Из соображений моральной опрятности я давным-давно избавился от моего бехштейно-образного письменного стола. Его значительно более скромный заместитель содержал бумагу для писем, бумагу для письма, официальные конверты, фотокопии моих лекций, экземпляр романа «Dr Olga Repnin» (в твердой обложке), назначавшийся мной для коллеги, но испорченный ошибкой в написании имени, да чету теплых перчаток, принадлежащих моему ассистенту (и преемнику) Экскулу. Еще там имелись три полных коробки скрепок и початая фляжка виски. С полок я смел в корзину для бумаг и на пол вблизи нее кипы циркуляров, разрозненные оттиски, статью перемещенного эколога касательно опустошений, учиненных какой-то птичкой по имени «озимая совка» («Lesser Winter-Crop Owl»?), и опрятно переплетенные гранки (мои всегда приходили в обличии длинных, жутко скользких и неподатливых змей) полной натужных каламбуров авантюрной дребедени, присылаемой мне гордыми издателями в надежде на восторженный отзыв везучего сукина сына. Пребывавшую в беспорядке деловую переписку и мой трактатик насчет пространства я упихал в толстую драную папку. Прощай, ученое логово!
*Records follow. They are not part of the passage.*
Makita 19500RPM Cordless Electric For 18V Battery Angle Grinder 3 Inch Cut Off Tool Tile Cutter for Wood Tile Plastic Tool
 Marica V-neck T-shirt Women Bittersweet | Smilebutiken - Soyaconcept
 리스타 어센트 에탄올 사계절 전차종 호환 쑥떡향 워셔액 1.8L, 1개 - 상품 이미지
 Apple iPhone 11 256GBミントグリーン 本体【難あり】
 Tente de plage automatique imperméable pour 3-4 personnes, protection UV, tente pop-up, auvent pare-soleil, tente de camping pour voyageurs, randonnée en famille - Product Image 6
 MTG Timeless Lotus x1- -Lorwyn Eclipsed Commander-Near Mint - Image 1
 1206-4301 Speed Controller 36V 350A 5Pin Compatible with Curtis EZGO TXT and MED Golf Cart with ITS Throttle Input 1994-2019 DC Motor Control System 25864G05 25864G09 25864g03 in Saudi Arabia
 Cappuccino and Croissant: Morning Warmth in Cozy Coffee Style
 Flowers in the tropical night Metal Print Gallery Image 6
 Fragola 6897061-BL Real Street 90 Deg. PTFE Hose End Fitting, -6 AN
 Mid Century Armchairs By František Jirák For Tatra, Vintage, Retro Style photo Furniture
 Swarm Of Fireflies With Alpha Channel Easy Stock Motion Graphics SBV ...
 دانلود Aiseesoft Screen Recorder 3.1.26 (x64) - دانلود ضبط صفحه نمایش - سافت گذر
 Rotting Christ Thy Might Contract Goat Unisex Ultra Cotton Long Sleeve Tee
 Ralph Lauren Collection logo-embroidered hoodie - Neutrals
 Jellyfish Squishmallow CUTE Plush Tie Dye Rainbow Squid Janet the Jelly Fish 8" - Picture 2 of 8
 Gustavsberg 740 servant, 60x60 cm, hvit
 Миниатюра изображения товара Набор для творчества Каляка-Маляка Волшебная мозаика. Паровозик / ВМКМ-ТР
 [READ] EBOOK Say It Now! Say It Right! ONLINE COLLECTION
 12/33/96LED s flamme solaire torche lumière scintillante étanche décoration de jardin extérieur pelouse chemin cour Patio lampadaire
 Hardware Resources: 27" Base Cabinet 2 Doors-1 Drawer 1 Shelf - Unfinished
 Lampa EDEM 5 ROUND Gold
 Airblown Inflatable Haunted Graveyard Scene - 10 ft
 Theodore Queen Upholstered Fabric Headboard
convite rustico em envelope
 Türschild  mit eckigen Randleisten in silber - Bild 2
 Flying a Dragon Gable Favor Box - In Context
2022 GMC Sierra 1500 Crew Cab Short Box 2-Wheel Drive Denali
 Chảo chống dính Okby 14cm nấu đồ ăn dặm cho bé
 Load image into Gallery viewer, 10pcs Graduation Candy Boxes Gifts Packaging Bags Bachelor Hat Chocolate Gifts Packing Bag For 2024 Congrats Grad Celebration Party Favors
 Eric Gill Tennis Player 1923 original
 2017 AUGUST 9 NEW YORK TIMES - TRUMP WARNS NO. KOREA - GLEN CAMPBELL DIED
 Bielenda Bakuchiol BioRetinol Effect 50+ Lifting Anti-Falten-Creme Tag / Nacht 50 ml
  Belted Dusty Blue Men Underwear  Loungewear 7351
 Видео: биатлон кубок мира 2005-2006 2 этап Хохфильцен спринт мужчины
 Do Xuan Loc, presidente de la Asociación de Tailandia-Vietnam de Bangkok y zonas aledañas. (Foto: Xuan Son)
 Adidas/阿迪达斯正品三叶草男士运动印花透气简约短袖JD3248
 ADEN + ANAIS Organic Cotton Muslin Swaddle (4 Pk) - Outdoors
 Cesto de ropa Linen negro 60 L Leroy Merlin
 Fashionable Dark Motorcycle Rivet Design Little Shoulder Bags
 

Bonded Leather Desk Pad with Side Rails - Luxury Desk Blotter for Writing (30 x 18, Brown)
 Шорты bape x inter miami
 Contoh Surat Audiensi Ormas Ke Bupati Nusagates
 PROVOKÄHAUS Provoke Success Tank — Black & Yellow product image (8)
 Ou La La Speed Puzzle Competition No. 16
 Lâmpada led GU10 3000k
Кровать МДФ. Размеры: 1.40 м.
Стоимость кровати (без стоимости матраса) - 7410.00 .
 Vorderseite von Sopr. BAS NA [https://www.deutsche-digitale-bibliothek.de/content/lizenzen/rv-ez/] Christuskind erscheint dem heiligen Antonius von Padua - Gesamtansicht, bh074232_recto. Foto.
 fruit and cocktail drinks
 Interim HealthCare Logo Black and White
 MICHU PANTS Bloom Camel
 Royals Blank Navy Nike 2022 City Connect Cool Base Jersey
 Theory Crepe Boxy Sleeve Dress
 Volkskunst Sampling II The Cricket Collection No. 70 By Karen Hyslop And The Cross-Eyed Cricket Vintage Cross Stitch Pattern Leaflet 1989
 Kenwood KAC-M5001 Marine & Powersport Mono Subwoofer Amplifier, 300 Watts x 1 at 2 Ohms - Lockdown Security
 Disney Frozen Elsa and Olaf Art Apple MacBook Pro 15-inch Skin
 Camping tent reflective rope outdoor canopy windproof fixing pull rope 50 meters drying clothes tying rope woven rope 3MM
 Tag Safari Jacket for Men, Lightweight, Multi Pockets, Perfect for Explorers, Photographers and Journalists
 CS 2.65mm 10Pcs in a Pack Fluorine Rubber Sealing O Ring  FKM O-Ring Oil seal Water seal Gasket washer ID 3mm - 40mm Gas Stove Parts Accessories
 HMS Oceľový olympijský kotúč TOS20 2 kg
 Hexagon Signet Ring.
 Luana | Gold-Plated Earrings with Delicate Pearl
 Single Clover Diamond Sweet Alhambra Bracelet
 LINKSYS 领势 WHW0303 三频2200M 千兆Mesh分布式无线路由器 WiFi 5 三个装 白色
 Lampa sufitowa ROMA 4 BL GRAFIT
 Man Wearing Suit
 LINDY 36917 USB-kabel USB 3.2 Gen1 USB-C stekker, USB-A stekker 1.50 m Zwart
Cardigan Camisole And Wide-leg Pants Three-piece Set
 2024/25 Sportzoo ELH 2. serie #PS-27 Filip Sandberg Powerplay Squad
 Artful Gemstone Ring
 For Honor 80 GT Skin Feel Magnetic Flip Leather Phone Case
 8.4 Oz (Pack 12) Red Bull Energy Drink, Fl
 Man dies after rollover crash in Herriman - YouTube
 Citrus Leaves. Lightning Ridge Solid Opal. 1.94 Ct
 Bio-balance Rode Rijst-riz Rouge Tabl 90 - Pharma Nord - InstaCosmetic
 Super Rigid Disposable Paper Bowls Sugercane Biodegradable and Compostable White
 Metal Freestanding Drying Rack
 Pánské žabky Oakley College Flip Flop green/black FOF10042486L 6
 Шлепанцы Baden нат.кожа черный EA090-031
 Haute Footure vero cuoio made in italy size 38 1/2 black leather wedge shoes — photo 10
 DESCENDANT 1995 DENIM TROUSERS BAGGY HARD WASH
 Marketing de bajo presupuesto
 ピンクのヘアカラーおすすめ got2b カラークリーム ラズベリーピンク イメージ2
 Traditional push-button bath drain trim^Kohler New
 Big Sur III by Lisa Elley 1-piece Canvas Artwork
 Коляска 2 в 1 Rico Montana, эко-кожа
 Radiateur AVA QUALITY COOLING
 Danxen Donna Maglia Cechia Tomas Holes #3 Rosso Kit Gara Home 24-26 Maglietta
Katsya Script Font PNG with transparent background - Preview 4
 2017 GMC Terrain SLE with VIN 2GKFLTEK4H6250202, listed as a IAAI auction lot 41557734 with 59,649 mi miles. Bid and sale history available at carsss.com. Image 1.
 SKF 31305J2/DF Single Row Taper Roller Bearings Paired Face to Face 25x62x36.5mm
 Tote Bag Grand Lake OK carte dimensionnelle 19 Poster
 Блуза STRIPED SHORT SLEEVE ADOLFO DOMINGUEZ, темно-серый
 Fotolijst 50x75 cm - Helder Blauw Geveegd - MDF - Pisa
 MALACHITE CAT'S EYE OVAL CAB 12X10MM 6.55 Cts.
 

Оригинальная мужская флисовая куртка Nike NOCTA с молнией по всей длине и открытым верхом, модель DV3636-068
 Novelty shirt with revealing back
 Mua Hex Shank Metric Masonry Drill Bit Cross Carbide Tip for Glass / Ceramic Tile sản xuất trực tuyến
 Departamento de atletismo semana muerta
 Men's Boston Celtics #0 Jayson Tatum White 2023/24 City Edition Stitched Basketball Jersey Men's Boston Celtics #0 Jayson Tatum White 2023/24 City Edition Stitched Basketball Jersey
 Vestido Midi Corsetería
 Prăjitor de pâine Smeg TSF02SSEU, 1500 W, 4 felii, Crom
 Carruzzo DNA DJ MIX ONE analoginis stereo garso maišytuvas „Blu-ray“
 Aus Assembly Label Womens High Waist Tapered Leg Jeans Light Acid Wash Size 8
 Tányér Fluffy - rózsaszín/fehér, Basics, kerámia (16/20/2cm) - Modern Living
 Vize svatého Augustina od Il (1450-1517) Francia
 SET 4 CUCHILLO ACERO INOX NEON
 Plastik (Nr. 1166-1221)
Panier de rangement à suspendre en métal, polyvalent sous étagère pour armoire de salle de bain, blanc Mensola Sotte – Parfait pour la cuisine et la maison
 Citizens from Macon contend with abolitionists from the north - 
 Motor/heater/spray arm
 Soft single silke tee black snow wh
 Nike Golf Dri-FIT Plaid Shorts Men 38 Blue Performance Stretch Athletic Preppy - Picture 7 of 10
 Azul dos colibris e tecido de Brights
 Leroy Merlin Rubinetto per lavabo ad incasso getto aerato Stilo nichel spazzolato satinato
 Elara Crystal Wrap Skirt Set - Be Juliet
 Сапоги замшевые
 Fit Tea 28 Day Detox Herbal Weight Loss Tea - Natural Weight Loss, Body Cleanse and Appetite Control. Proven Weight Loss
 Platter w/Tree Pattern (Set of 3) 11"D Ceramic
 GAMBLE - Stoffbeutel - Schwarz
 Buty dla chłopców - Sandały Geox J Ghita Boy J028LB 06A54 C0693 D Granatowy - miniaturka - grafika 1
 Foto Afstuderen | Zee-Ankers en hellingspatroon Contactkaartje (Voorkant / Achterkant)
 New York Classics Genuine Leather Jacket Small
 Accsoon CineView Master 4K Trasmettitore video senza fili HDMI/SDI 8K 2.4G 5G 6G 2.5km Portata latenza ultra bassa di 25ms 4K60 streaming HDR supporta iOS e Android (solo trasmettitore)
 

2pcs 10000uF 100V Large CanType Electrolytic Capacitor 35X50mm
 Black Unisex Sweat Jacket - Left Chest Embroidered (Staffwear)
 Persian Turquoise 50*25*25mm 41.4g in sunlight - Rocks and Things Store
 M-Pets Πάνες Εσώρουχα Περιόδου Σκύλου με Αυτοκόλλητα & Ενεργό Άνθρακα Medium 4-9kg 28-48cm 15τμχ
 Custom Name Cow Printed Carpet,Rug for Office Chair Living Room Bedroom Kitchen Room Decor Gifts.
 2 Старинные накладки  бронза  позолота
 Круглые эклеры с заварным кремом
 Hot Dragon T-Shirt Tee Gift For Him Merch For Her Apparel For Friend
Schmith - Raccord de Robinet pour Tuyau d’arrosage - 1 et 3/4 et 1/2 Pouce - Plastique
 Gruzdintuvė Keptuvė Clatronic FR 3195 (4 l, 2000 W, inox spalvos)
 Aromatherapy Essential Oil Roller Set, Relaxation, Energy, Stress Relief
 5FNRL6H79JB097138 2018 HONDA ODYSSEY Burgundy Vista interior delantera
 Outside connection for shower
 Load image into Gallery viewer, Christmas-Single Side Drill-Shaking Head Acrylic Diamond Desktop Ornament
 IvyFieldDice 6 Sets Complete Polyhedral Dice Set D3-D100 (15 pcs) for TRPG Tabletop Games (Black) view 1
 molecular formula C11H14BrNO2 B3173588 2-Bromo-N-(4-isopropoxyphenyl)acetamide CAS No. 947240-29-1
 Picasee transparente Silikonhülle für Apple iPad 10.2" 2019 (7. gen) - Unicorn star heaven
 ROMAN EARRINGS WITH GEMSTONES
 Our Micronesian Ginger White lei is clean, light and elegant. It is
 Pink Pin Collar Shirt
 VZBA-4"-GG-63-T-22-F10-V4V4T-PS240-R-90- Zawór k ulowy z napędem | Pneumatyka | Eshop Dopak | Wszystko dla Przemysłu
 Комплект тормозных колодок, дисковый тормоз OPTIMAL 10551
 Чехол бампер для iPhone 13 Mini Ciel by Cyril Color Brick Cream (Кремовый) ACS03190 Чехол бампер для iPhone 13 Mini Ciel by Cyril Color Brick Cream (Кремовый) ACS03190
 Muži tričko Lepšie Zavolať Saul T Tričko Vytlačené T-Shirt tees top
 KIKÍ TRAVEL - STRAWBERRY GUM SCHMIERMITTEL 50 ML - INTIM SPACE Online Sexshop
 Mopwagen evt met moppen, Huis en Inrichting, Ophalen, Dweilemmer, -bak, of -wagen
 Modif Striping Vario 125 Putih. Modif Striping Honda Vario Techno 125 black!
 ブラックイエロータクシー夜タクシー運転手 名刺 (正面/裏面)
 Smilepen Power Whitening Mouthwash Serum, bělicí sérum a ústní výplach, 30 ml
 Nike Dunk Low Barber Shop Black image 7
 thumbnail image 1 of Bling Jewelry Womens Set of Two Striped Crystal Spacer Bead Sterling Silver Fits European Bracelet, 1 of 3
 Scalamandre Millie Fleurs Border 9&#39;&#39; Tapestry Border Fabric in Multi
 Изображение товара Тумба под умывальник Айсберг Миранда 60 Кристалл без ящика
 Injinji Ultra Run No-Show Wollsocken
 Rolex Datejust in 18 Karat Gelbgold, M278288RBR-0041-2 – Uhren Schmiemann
В беллетристике заурядной совпадение есть шулер и сводник, но оно – дивный художник, когда дело идет о рисунке событий, вспоминаемых незаурядным мемуаристом. Одни лишь ослы и гусыни думают, будто автор воспоминаний опускает какие-то куски своего прошлого потому, что они тусклы или никчемны (возьмите хоть эпизод с деканом – он именно этого рода, а как тщательно выписан!). Я направлялся к стоянке машин, когда пухлая папка у меня под мышкой – как бы заменившая руку – прорвала бечеву и раскидала свое содержимое по гравию и мураве обочины. По той же тропинке кампуса из библиотеки шла ты, и мы присели бок о бок, собирая бумажки. Тебя опечалил, сказала ты после («жалостно было»), винный запах, выдыхаемый мной. Таким великим писателем.
Я говорю «ты» ретросознательно, ведь по логике жизни ты не была еще «ты», мы и знакомы-то толком не были, и по-настоящему ты стала «ты» лишь когда, поймав желтоватый листок, норовивший воспользоваться порывом ветра и с напускным безразличием улизнуть, сказала:
«Как бы не так».
Сидя на корточках и улыбаясь, ты помогла мне затиснуть все обратно в папку и после спросила – как моя дочь? – лет пятнадцать назад вы были с ней одноклассницами, а жена моя несколько раз подвозила тебя до дому. И тут я вспомнил, как тебя звали, и в небесном проблеске фотовспышки увидел Бел и тебя, похожих, в синих пальто и белых шляпках, на близнецов и в безмолвной взаимной ненависти ожидающих, когда Луиза куда-то вас отвезет. 1 января 1970 года Бел и тебе исполнялось двадцать восемь лет.